WHAT IS NEEDED:
Look through the data below and extract, unchanged, the lines from the one that contains "F5010bc2 7e95 46ed 9290 47af69aeaaa7" to the one that contains "azuza 3 Pack", both included.

---- RECORDS SUPPLIED

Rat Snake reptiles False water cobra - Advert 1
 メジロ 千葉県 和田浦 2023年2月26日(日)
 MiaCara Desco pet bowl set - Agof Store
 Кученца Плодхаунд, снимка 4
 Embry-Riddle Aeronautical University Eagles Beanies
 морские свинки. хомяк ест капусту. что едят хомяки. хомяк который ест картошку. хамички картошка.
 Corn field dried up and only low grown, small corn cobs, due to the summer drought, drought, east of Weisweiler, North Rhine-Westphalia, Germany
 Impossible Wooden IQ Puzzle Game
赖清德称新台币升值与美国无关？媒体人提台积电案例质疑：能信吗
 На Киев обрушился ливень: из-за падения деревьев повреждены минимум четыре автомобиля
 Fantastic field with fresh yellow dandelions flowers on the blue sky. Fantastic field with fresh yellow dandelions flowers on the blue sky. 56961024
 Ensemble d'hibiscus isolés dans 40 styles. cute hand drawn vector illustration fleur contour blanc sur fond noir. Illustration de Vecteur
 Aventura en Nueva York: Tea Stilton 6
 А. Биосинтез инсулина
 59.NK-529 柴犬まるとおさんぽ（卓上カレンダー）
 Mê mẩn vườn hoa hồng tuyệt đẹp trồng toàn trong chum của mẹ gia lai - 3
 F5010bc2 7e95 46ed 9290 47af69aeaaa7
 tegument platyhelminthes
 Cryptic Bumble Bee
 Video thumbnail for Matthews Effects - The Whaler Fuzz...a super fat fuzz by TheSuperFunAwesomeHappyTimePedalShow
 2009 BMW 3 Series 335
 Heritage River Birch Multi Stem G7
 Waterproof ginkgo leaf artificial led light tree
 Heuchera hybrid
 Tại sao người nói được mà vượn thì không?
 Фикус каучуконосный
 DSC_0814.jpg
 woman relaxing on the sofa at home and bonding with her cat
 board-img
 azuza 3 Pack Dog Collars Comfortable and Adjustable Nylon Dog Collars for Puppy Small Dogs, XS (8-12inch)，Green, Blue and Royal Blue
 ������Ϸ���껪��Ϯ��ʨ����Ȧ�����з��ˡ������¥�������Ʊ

--------

THE ANSWER:
 F5010bc2 7e95 46ed 9290 47af69aeaaa7
 tegument platyhelminthes
 Cryptic Bumble Bee
 Video thumbnail for Matthews Effects - The Whaler Fuzz...a super fat fuzz by TheSuperFunAwesomeHappyTimePedalShow
 2009 BMW 3 Series 335
 Heritage River Birch Multi Stem G7
 Waterproof ginkgo leaf artificial led light tree
 Heuchera hybrid
 Tại sao người nói được mà vượn thì không?
 Фикус каучуконосный
 DSC_0814.jpg
 woman relaxing on the sofa at home and bonding with her cat
 board-img
 azuza 3 Pack Dog Collars Comfortable and Adjustable Nylon Dog Collars for Puppy Small Dogs, XS (8-12inch)，Green, Blue and Royal Blue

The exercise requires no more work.